Recent EU-wide statistics show a limited share of non-nationals in science and technologies jobs and reveals big disparities between member states’ ability to attract foreign researchers.
A Eurostat report on the mobility of science and technology workers found that an average 5.7% of human resources in research and technology (HRST) of the EU-27 are citizens of a foreign country, half of whom are citizens from other member states. The statistics, published in June 2007, show that there are large disparities in the share of these highly skilled people among EU countries.
The shares range from 46% in Luxembourg to 0.3% in Slovenia. The share of non-national scientists is at 7.2% in the UK and 6.4% in Germany and 4.1% in France. In the new member states, with the exception of Estonia (15.2%) and Cyprus (14.2%) the percentage of foreign scientists is low, around 1% or lower.
In 2005, the Commission adopted a Recommendation on the European Charter for Researchers and a Code of Conduct for their recruitment to provide researchers with long-term career prospects by creating more favourable conditions for their mobility, in support of EU competitiveness (see EURACTIV 8/09/2005). The Charter gives individual researchers the same rights and obligations, wherever they work in the EU.

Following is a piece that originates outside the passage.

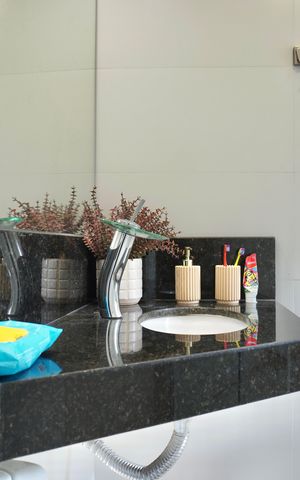 Apartamento à venda com 95m², 3 quartos e 2 vagasBanheiro Social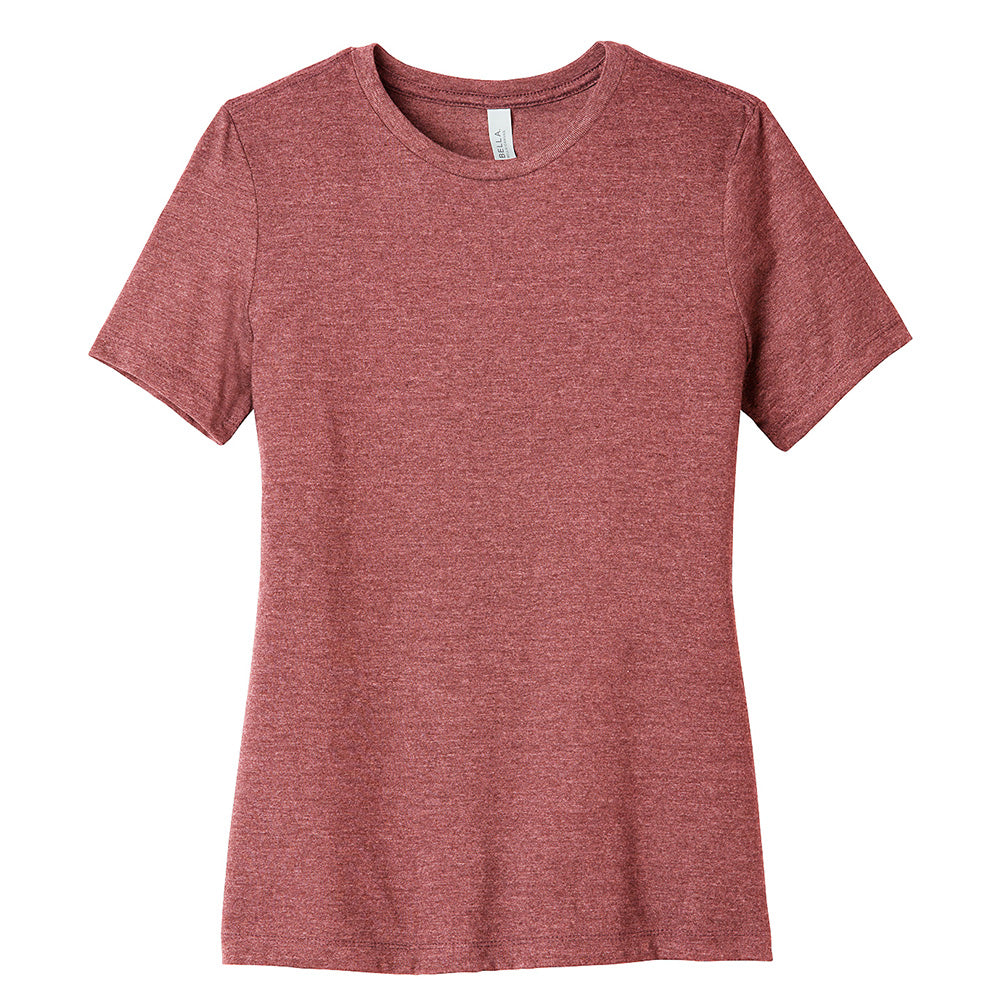 BELLA+CANVAS 6400 Women’s Relaxed Jersey T-Shirt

HRST from non-EU countries, representing some 3% of the total HRST in Europe, have also been subject to measures setting out specific procedures to facilitate their entry and work in the EU (see EURACTIV 14/10/2005).
These statistics and surveys suggest that the results of the Commission’s initiatives to create favourable conditions for the mobility of researchers do not show results yet. However, the construction of the European Research Area (ERA) and the internal market for researchers is an ongoing process. A consultation on future ERA was launched in April 2007 (see EURACTIV 05/04/2007).